RGS12 and RGS14 GoLoco Motifs Are Gα_i Interaction Sites with Guanine Nucleotide Dissociation Inhibitor Activity

The regulators of G-protein signaling (RGS) proteins accelerate the intrinsic guanosine triphosphatase activity of heterotrimeric G-protein a subunits and are thus recognized as key modulators of G-protein-coupled receptor signaling. RGS12 and RGS14 contain not only the hallmark RGS box responsible for GTPase-accelerating activity but also a single Gα _i/o-Loco (GoLoco) motif predicted to represent a second Gα interaction site. Here, we describe functional characterization of the GoLoco motif regions of RGS12 and RGS14. Both regions interact exclusively with Gα_i1, Gα_i2, and Gα_i3 in their GDP-bound forms.
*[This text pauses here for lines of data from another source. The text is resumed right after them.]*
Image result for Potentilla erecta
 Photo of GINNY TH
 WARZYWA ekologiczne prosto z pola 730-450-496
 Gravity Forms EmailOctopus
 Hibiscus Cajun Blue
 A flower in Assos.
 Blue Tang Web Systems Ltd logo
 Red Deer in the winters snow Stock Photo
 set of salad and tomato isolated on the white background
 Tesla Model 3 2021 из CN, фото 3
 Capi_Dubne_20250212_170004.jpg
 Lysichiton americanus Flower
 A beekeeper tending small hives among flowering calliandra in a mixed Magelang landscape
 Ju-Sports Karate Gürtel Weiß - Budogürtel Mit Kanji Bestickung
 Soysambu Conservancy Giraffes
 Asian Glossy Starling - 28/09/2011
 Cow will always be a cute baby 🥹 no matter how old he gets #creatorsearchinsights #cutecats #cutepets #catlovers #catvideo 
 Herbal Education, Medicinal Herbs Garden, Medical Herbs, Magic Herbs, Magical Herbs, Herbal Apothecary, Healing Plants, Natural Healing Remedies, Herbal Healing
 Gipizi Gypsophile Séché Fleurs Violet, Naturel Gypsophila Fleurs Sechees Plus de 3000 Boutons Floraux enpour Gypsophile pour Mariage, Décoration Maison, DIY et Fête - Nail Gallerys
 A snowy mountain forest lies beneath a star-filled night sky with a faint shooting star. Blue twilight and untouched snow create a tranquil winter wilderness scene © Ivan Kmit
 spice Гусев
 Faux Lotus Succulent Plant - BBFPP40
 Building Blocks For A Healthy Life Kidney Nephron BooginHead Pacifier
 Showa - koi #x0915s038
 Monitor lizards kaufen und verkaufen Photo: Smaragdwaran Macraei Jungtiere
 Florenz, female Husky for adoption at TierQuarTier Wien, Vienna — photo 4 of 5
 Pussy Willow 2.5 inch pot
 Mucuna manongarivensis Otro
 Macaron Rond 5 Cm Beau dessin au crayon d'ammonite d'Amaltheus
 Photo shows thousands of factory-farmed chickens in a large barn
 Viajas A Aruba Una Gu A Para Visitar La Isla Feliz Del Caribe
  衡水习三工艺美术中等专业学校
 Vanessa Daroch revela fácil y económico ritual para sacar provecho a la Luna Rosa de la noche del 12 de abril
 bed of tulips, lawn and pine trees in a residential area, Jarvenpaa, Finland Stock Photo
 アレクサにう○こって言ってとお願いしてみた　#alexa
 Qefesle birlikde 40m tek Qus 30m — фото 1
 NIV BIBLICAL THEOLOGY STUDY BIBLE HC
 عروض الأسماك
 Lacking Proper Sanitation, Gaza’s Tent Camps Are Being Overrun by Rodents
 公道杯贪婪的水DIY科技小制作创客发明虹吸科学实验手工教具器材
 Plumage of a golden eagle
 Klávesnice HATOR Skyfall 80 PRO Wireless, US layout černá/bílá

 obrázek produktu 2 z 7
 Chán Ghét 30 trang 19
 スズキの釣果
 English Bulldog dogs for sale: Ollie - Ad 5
In GTPγS binding assays, both regions exhibit guanine nucleotide dissociation inhibitor (GDI) activity, inhibiting the rate of exchange of GDP for GTP by Gα_i1. Both regions also stabilize Gα_i1 in its GDP-bound form, inhibiting the increase in intrinsic tryptophan fluorescence stimulated by AlF₄^-. Our results indicate that both RGS12 and RGS14 harbor two distinctly different Gα interaction sites: a previously recognized N-terminal RGS box possessing Gα_i/o GAP activity and a C-terminal GoLoco region exhibiting Gα_i GDI activity. The presence of two, independent Gα interaction sites suggests that RGS12 and RGS14 participate in a complex coordination of G-protein signaling beyond simple Gα GAP activity.